EEF dismisses calls for boardroom quotas for women

Manufacturers' organisation EEF has said more steps should be taken to end male dominance in manufacturing companies' boards, but it dismissed proposals for fixing quotas to boost the number.

In its just released "Women in Manufacturing" report, EEF said that nearly 21 per cent of directorships at FTSE 100 manufacturing companies are now held by women, and suggested that the industry should shed its "dirty & unglamorous" image to boost gender balance in boardrooms.

It revealed that women accounts for 64 of the 305 board seats at twenty-eight manufacturing companies in the FTSE 100.

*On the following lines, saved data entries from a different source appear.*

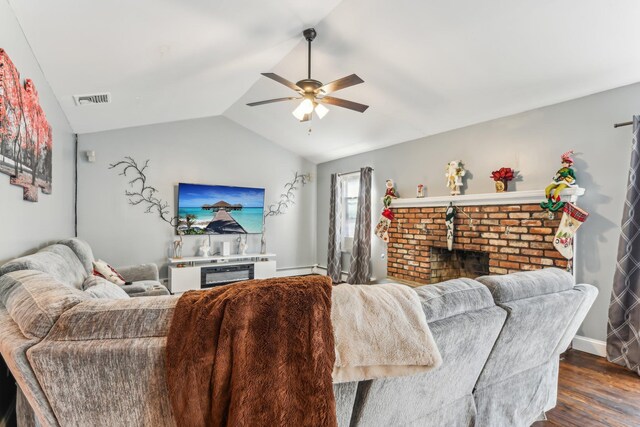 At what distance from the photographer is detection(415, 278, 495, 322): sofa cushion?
4.00 ft

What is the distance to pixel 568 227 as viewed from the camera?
294cm

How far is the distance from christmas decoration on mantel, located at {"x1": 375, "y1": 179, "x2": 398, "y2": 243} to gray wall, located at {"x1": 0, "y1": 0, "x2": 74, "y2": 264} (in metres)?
3.94

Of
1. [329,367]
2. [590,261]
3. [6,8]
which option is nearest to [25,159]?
[6,8]

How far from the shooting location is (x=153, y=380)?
0.90 metres

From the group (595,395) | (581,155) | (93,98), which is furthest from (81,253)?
(581,155)

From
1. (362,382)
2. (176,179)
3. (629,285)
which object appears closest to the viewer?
(362,382)

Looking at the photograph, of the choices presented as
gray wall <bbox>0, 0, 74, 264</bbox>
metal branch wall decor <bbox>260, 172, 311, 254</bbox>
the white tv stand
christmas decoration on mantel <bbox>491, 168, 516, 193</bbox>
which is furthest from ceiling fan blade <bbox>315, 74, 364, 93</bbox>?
metal branch wall decor <bbox>260, 172, 311, 254</bbox>

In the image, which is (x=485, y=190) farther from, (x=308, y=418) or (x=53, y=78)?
(x=53, y=78)

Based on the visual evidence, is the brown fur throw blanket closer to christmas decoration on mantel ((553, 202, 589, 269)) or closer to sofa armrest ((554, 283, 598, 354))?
sofa armrest ((554, 283, 598, 354))

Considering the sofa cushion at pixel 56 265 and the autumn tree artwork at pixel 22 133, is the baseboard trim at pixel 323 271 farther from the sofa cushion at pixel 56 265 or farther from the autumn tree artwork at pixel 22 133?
the autumn tree artwork at pixel 22 133

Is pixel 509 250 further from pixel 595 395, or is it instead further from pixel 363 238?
pixel 363 238

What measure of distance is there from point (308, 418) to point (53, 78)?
331 centimetres

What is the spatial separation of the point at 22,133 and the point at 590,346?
186 inches

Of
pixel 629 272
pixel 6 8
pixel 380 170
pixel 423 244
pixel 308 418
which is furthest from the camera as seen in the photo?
pixel 380 170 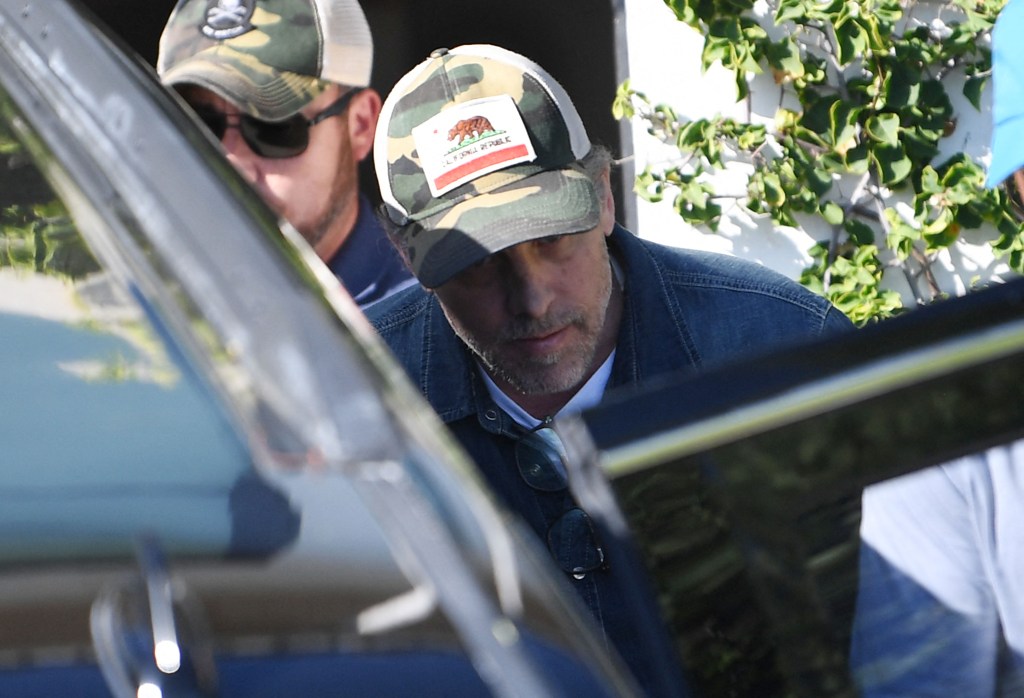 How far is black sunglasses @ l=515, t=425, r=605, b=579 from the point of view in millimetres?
1656

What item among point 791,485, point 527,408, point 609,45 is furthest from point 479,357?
point 609,45

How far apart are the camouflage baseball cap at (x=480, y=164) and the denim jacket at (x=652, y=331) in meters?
0.19

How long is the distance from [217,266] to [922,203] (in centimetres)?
409

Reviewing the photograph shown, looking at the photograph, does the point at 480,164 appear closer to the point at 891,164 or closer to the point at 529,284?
the point at 529,284

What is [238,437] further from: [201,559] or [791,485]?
[791,485]

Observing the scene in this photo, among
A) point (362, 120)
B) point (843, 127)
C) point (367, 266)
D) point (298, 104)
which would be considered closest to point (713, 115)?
point (843, 127)

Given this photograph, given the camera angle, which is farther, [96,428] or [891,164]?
[891,164]

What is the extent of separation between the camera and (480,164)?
7.59 ft

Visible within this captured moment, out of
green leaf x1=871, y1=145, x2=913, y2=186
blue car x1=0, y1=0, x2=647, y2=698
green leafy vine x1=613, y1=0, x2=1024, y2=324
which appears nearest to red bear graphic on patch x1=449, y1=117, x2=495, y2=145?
blue car x1=0, y1=0, x2=647, y2=698

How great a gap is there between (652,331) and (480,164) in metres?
0.40

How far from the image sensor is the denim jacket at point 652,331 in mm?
2307

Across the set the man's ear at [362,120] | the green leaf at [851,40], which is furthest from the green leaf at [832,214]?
the man's ear at [362,120]

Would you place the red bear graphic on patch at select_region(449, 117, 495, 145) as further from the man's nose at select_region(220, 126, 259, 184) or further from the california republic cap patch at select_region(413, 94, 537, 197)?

But, it stressed that it should be done by nurturing young talent by encouraging girls at schools to study Stem subjects - science, technology, engineering and mathematics, and not by fixing quotas for women in boardrooms.

Terry Scuoler, chief executive of the EEF, said, "Many of the leading women in manufacturing are equally clear - quotas are not the answer. They advocate evolution, not revolution . but, this isn't just about what we as manufacturers can do. The work starts in the classroom."

The report also featured North East businesswoman Jacqui Miller as an inspiring example of female who reached a senior level in the manufacturing sector. Ms Miller is the global sales & marketing director at Cramlington-based Miller UK, which was established in 1978.